Allen sat in class at Whitewater High School taking notes on his cell phone. Before he knew it, his teacher took away his phone, explaining he couldn’t have it out during class.
“It made no sense,” said the 24-year-old from Fayetteville.
So on the day of his 18th birthday, Allen officially started the iSchool Initiative to teach teachers how to use technology in the classroom.
“Here I am, 18 at the time, going into the industry of education where it’s credentials, PhDs, and I’m coming in as an 18-year-old saying this is what I think education needs,” Allen said.
To make his vision work, Allen eschewed a traditional business structure in favor of a combination of donations and for-profit services. The company gets a fee from school districts but uses it to help implement the services, like integrating the technology into the classroom, as well as training teachers on how to use it effectively.

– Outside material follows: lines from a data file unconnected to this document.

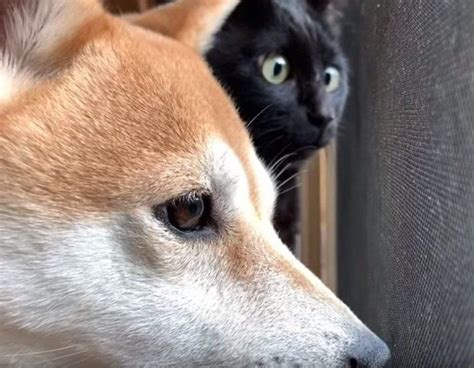 窓の外には何がある 揃ってソワソワしちゃ仲良しな柴犬と猫♪｜いぬのきもちweb Magazine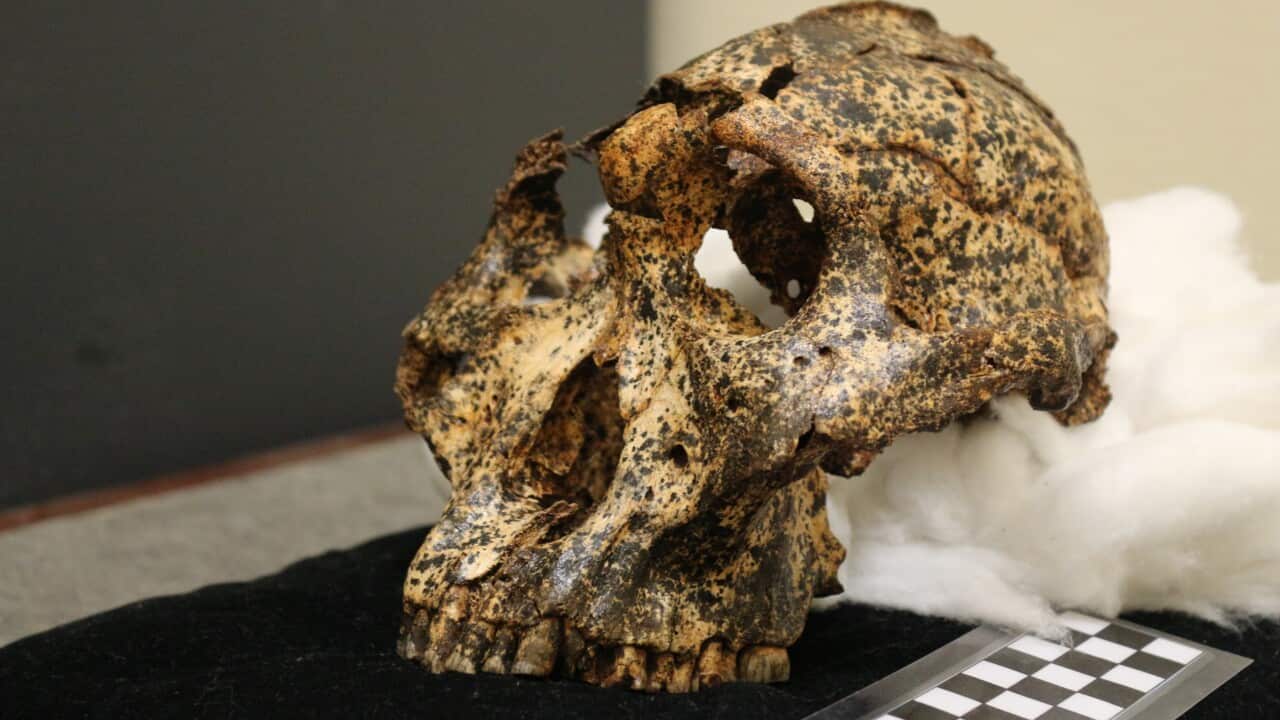 A two million-year-old skull of discovered in South Africa’s Cradle of Humankind.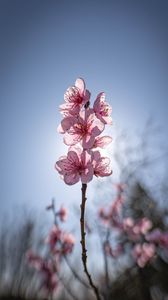 Preview wallpaper sakura, flowers, petals, pink, blur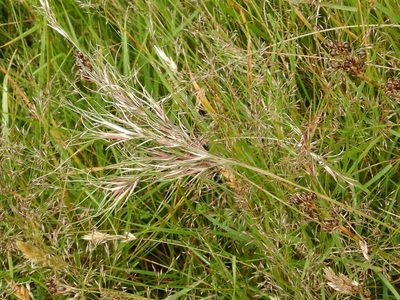 Festuca vivipara, photographed by pete_gateley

Last year, iSchool deployed more than 7,600 iPads to Anderson School District One students as part of its mobile integration plan for all 14 district schools. It’s done work in 40 states and seven countries.
Allen could have worked for a corporate business for 10 years then started his own business like several of his peers. But, he said, there are different ways to achieve the same goal.
“The beauty of being a young entrepreneur is that you have less obligations, less bills, no kids, no marriage and responsibilities,” he said. “Now is the time to take risks.”